ᅠᅠᅠᅠᅠᅠᅠ Unfortunately, there is too much variation in the services that are provided to infants and toddlers with hearing loss. Parents are told "to wait until the child reaches the age of 18 months before working on speech development." In other situations, parents are told that "spoken language is not realistic unless the child has a cochlear implant, which most likely won't work anyway." Of course, these so called "recommendations" are simply false and more accurately reflect the professionals' poor training and deep-seeded personal bias.
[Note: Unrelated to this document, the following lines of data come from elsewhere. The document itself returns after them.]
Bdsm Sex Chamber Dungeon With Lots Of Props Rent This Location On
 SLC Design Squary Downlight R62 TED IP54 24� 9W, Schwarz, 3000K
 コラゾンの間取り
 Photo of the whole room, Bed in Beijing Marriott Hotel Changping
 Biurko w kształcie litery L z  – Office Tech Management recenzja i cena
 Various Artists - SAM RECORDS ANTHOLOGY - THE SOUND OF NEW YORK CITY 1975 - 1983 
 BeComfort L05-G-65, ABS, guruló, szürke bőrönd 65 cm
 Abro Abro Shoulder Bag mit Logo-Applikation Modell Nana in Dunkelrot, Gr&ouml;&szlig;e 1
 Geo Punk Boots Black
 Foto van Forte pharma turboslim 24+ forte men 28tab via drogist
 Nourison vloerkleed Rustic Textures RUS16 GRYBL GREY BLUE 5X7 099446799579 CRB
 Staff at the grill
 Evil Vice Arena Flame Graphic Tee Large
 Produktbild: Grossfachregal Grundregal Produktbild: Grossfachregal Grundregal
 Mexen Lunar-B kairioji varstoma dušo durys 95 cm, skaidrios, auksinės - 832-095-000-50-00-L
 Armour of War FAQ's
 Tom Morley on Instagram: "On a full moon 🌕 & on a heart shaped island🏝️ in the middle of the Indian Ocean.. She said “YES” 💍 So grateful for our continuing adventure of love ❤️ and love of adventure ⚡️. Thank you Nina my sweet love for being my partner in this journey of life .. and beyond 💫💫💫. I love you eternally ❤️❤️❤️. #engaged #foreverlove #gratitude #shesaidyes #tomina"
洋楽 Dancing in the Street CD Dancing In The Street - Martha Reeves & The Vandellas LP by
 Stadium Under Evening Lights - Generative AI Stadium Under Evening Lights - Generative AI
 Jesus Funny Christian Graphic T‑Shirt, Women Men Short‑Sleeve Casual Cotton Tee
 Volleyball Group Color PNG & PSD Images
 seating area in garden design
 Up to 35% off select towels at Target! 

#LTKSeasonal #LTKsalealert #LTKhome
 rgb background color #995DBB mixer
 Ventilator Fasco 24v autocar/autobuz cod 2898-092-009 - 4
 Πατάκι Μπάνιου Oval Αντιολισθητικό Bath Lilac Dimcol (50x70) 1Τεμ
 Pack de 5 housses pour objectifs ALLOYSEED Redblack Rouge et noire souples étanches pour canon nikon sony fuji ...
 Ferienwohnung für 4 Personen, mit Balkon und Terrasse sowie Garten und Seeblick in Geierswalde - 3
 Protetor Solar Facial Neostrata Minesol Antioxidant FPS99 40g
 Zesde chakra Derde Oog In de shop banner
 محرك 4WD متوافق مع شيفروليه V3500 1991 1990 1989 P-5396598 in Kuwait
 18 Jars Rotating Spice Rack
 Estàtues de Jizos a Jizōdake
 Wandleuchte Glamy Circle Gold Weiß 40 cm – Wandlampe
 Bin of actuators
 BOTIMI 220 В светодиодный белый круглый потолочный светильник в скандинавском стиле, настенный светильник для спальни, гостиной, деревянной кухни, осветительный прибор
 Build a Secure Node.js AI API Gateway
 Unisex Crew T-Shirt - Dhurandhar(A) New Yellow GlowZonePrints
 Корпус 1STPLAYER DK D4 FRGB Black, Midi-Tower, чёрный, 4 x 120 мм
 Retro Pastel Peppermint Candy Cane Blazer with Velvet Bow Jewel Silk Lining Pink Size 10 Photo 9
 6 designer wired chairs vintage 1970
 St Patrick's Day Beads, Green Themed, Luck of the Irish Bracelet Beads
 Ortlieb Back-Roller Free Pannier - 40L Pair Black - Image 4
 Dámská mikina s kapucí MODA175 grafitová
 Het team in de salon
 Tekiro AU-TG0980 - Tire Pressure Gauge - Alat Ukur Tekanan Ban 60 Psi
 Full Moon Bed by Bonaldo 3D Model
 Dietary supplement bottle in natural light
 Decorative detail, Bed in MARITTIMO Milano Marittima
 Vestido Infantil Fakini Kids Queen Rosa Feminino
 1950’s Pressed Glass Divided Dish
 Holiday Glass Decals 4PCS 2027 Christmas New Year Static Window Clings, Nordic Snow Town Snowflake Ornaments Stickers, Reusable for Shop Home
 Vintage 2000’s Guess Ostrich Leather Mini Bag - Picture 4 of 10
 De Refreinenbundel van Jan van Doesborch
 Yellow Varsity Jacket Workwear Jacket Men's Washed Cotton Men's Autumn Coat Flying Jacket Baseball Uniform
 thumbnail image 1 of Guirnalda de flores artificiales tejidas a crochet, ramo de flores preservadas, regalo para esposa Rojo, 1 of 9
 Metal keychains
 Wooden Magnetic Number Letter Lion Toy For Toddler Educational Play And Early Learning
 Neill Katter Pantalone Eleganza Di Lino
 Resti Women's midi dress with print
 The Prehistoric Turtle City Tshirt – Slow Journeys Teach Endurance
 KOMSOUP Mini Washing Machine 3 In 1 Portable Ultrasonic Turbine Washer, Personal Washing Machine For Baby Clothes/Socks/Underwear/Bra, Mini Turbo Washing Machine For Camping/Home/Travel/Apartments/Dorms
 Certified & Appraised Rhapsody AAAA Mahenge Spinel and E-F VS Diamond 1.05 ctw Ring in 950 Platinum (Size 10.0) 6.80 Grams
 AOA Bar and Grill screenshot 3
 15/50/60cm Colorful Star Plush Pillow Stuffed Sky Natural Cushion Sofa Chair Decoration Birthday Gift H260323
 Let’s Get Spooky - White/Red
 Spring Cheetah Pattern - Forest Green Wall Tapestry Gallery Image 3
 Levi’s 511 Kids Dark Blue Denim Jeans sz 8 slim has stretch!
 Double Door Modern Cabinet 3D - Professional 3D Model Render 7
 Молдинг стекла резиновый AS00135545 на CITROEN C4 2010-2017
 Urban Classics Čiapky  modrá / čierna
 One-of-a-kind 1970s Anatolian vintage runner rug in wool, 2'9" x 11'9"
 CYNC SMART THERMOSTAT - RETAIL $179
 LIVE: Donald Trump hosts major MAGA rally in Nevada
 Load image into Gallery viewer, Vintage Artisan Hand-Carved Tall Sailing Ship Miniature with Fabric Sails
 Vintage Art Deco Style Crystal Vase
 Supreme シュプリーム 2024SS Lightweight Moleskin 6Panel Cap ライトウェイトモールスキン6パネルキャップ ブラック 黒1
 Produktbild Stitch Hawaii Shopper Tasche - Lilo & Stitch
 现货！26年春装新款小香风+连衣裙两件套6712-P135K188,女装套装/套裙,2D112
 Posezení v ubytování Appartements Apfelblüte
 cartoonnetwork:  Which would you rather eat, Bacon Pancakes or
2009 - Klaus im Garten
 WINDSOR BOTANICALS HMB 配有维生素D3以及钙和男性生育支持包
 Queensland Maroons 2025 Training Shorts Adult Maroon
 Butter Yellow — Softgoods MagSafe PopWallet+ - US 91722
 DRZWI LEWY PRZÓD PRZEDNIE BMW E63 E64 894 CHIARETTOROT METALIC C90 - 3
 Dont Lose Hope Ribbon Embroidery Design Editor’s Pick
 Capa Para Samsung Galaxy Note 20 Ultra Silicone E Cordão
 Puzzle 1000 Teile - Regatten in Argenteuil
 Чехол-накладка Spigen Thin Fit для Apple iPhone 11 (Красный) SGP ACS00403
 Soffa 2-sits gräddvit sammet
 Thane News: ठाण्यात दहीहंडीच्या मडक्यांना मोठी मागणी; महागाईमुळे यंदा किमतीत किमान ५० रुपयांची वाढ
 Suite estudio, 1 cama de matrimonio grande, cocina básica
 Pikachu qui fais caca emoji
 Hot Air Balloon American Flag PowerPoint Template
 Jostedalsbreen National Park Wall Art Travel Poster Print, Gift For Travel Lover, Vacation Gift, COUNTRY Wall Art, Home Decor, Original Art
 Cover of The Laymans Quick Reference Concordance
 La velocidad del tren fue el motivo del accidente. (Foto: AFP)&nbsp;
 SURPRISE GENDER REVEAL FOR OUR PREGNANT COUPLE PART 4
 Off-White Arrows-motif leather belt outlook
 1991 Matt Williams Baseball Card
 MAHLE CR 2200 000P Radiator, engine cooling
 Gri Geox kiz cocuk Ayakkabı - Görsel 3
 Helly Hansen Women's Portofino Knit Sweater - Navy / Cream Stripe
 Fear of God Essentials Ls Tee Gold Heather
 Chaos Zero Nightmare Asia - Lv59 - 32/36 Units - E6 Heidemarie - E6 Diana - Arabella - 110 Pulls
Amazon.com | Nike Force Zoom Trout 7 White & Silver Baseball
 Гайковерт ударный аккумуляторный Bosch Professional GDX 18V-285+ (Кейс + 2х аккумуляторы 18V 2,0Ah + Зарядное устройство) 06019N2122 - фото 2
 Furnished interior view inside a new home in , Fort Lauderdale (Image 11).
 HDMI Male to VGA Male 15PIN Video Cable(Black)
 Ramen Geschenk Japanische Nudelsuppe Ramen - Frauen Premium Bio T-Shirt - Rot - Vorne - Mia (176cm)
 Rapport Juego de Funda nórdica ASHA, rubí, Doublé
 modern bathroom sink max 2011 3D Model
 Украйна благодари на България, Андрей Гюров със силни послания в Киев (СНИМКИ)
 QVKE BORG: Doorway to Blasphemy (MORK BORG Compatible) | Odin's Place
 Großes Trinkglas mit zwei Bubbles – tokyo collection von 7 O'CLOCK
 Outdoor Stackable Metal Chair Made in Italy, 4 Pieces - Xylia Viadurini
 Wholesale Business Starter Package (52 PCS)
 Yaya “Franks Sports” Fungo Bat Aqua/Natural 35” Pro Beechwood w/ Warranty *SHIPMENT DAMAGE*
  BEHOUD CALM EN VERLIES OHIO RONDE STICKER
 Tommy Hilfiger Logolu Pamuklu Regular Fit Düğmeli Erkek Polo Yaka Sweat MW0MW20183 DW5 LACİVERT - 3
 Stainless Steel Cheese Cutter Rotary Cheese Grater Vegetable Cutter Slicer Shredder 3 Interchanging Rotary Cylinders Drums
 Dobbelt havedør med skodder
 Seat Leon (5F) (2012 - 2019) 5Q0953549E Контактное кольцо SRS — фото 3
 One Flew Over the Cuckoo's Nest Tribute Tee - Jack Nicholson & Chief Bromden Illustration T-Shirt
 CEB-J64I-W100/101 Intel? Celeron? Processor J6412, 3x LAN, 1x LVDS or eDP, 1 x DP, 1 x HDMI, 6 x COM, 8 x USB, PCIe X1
ᅠᅠᅠᅠᅠᅠᅠ Parents must be diligent and obtain the services that support the outcomes they desire for their children with hearing loss. Professionals must recognize that when an infant is diagnosed with a hearing loss, the child is facing a neurological and developmental emergency. If the parents have expressed having a spoken language outcome, then waiting to stimulate those auditory centers is simply unacceptable. As Carol Flexer, Ph.D., a noted pediatric audiologist, professor, and researcher, has stated, "we hear with our brains, the ears are just a way in." If we support this statement, then time cannot be wasted. Neurologically, these children are at risk, and they deserve our focused efforts to obtain developmental synchrony. Their brains can't wait.

4 comments

4 responses to “Hearing Loss in Children: A Neurological & Developmental Emergency”

  1. Staci Donovan Says:
    I am a mom of a 7 year old who just received her first pair of hearing aids. I myself have been wearing them for 11 years. Sarah is in the first grade and struggling academically. I did not learn of her moderate loss until last year. Being that it is something that runs in the family I had them tested since birth. I recognized when she was 4 that there may be an issue but it wasnt until last year that we learned of the degree of loss. The reason is unknown. The ENT did exploratory surgery and found no physical reason for it to be so. She has had a tough school experience thus far and now that she has the tools to hear I am seeing a need to teach her how to listen. Her handicap is not easily seen by others as she appears to speak and communicate well. However I am seeing gaps widening and it is becoming increasingly more puzzling to me and her teachers. I have so many questions and need to learn how to help her. My first mistake was thinking that because I am hard of hearing, that I would understand this completely. I was very wrong. My second mistake was trusting her Dr, her audiologist, the deaf and hard of hearing teacher, as well as school staff to point Sarah and I in the right direction. Time is of great importance. Sarah cannot wait any longer. Can you suggest someone for me? A book perhaps? Someone I can talk to to ask these questions too? Thanks for your time.
  2. K. Todd Houston Says:
    Staci:
    Thank you for your comment and for sharing your and your daughter's story. It certainly sounds as if you need to convene the IEP team and ensure that Sarah is getting all of the necessary support services to be successful. Some of these services/accomodations could be: a personal FM unit for her in the classroom, preferential seating, preteaching/tutoring for upcoming lessons, additional speech-language services, and additional resource support from a teacher of the deaf. There's a ton of information available. You can start with the AG Bell Association for the Deaf & Hard of Hearing at www.agbell.org, and they may have a local chapter in your state. A book that I can recommend is Your Child's Hearing Loss: A Guide for Parents, 2nd Edition, which is published by Plural Publishing (www.pluralpublishing.com). Please let me know if you need additional assistance. I'm happy to help!
  3. Bijaya Says:
    Hearing loss in new born is too difficult to diagnose at the starting.Normally parents check for it when there will be problem in speech of child.If hearing loss is diagnose at the early stage then the child would not have speech problem.Thanks for all the nice information.